Appalachian Community Leaders Explore Opportunities for Jobs and Economic Growth in the Wind Industry

September 2009


WASHINGTON, September 25, 2009—Approximately 80 local and state leaders from across the Appalachian Region participated in a conference on September 24 in Roanoke, Virginia, to explore the economic opportunities, benefits, and challenges associated with wind energy development.

Sponsored by the Appalachian Regional Commission (ARC) in partnership with the U.S. Department of Energy, the American Wind Energy Association, and the National Wind Coordinating Collaborative, the invitation-only event provided practical guidance on developing wind farms as well as information on workforce needs and siting considerations involved in their construction.

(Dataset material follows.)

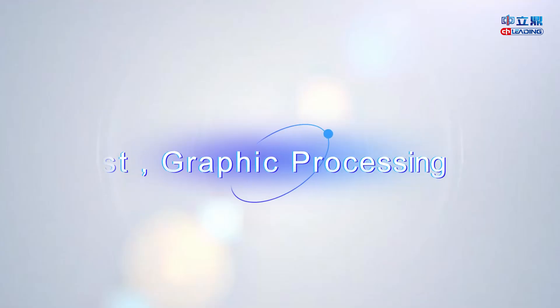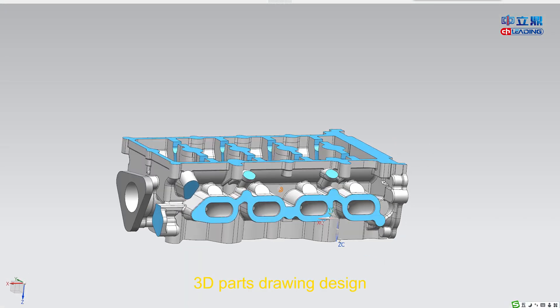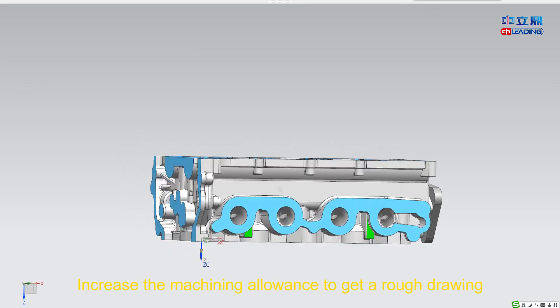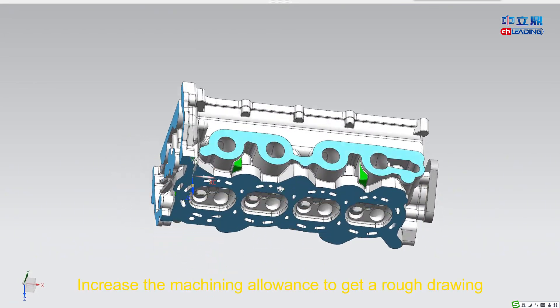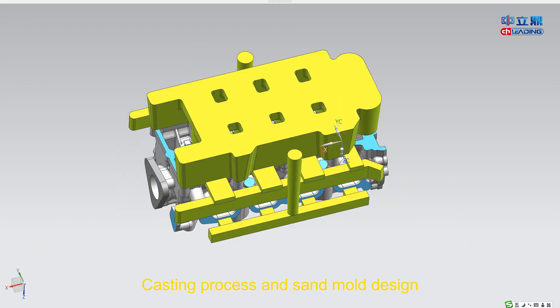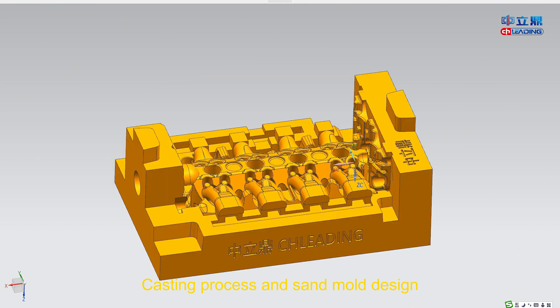First: Graphic Processing. 3D parts drawing design — increase the machining allowance to get a rough drawing. Then proceed with casting process and sand mold design.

Funding sources available for community scale wind development were also highlighted.

"The wind industry is already bringing economic opportunity to the Appalachian Region in the form of jobs and clean energy," stated ARC Federal Co-Chair Anne B. Pope. "ARC and its partners convened this forum for community leaders to generate dialogue about the energy potential of wind so they can make informed decisions that best fit their local development priorities."

Stephen Walz, senior advisor for energy policy to Virginia Governor Tim Kaine and director of the Virginia Department of Mines, Minerals, and Energy, said his state was pleased to host the conference: "We are glad to welcome key community and wind industry leaders to Virginia to help develop the renewable energy and green jobs available from wind power development."

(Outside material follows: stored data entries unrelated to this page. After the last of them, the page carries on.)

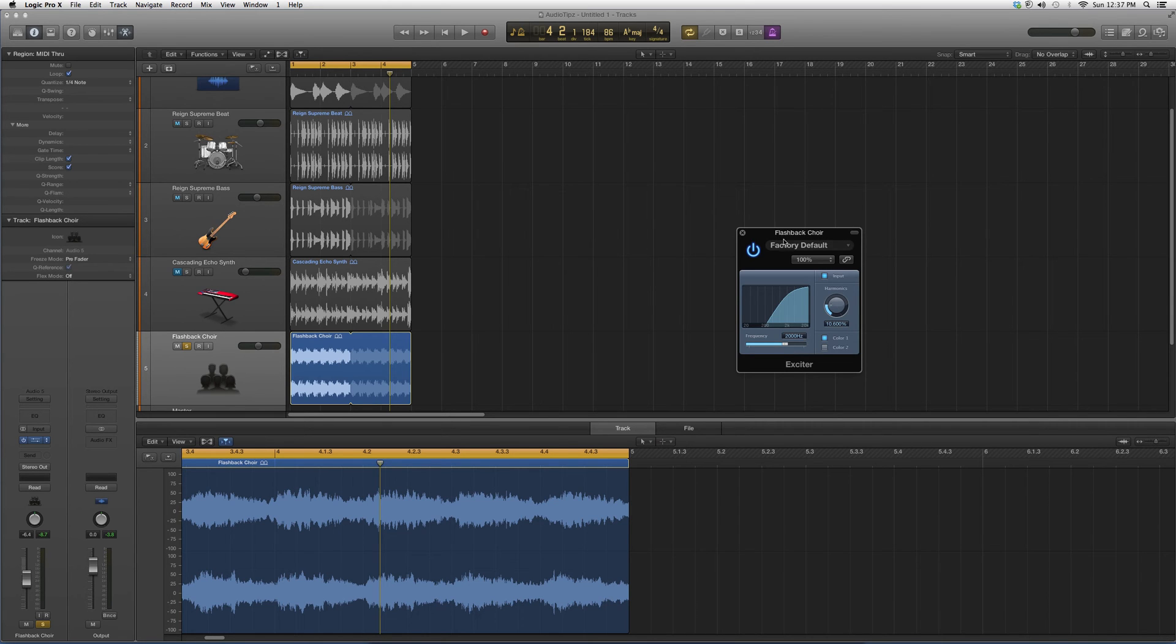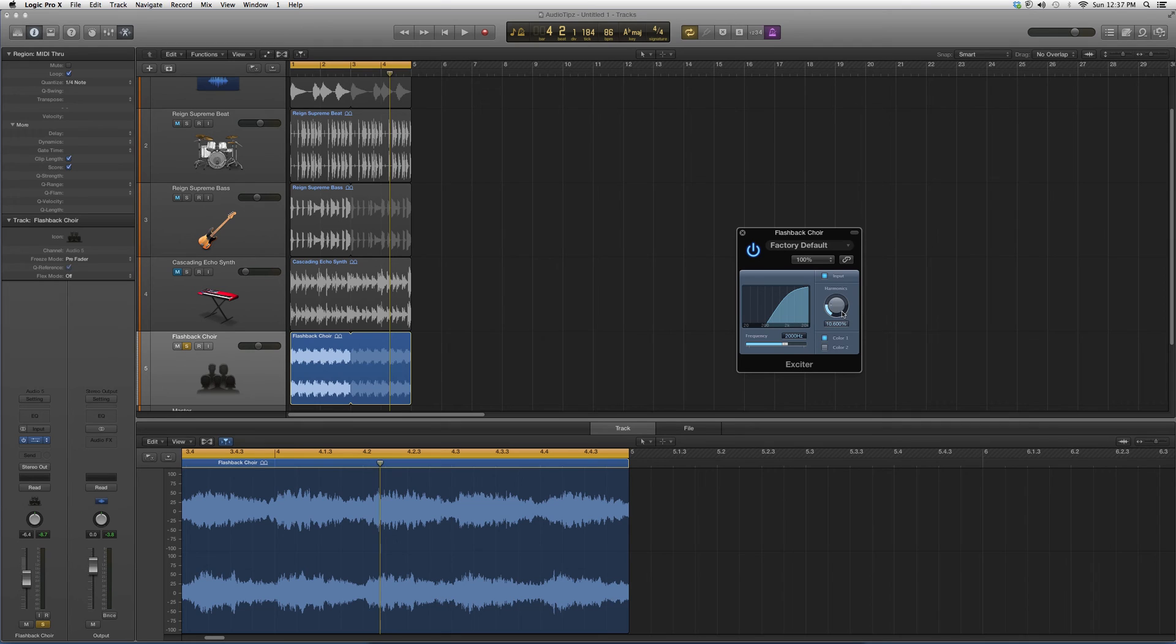This is basically what this does - you'll get to hear your vocal track a little bit clearer. Too much of it is not good because you start to get a hissing sound, but just a little bit of it is good.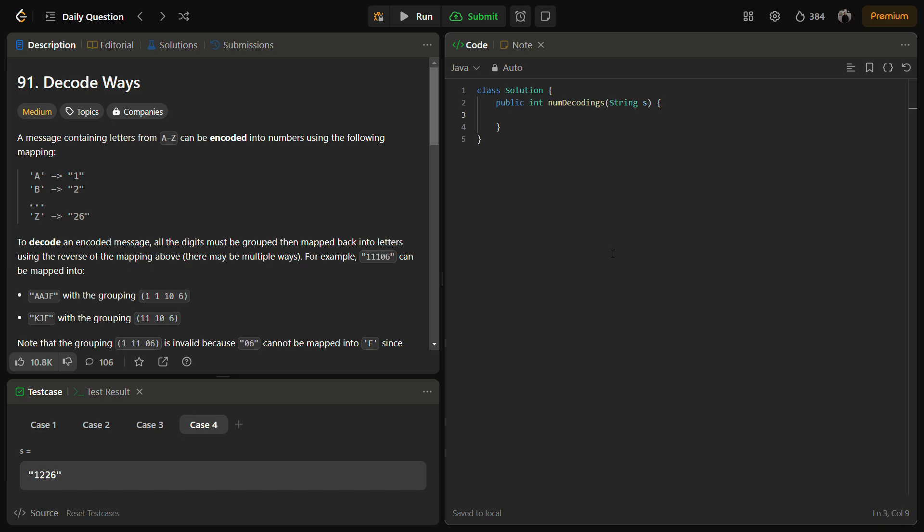Hello guys and welcome back to LeetLogics. This is the Decode Ways problem from LeetCode. This is a LeetCode medium and the number for this is 91.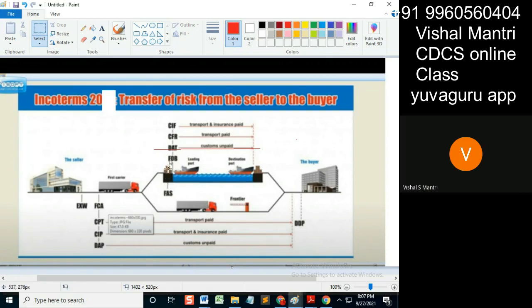I'm taking these goods from here to the ship, and further is the buyer's responsibility. FAS means the seller's responsibility is up to keeping the goods on the jetty alongside the ship.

According to the American Wind Energy Association, the U.S. wind industry accounted for 42 percent of new electricity generators installed nationwide in 2008, and created 35,000 jobs that year, boosting the number of people employed in wind power to 85,000.

"Wind is a cost-effective resource today," said Susan Williams Sloan of the American Wind Energy Association. "Appalachian states are already manufacturing components and developing wind energy, and the benefits are being realized in states like Pennsylvania and West Virginia through jobs and increased revenues to townships, counties, and landowners."

Other co-sponsors of the conference included the Georgia Environmental Facilities Authority, the Maryland Energy Administration, the North Carolina State Energy Office, the Kentucky Department for Energy Development and Independence, the Pennsylvania Department of Environmental Protection, the Tennessee Department of Economic and Community Development, and the West Virginia Division of Energy.